EDIT: I see some comments that are already talking about huge data volumes. To t...

frig · on Nov 30, 2009

In what meaningful sense do Google or Amazon have peer-reviewed and transparent data sets?

Please be specific.

DanielBMarkham · on Nov 30, 2009

I'll pick on Google, and use memory.

1) Google is notorious for peer-reviewing code.

2) IIRC, Google also has some functional/provable code

In general, large, critical datasets are routinely processed by businesses. Businesses who use separate testing groups, code reviews, and tiger teams to validate each others' work. None of this is new information (at least to me)

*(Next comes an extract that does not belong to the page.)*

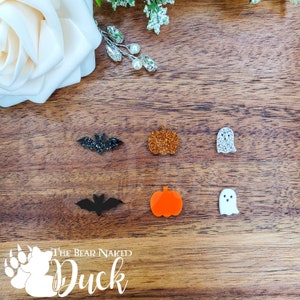 Halloween Stud Earring Blanks for Jewelry Makers, Price Per Pair, Earring Findings, Jewelry Blanks, DIY, Glitter Acrylic Blanks, Wood Blanks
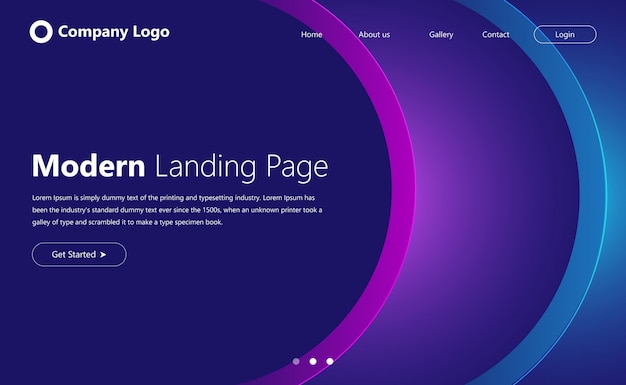 Vector modern futuristic web development  landing page or home page with header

Of course, transparency doesn't extend beyond the organization's walls in many instances. If you thought I was saying that it did then I mis-communicated.

RichKatz · on Nov 30, 2009

However, in many instances, transparency does extend well beyond an organizations boundaries to the public domain.

Many scientific and business code-bases are open source. Since the advent of portable languages and VM-based back-ends, the practice of open sourced software has increased - not decreased. Many algorithms themselves are published and peer-reviewed. You can purchase Corman's Introduction to Algoritms, Knuth's books Sedgewick's books, the Stony Brook Algorithm Repository. Scientific software has been especially drawn to participate in open-source. From the beginning, efforts of scientific software were focused on to increased accuracy and minimizing error. Start from Anthony Ralston's books and Richard Hamming's book for instance.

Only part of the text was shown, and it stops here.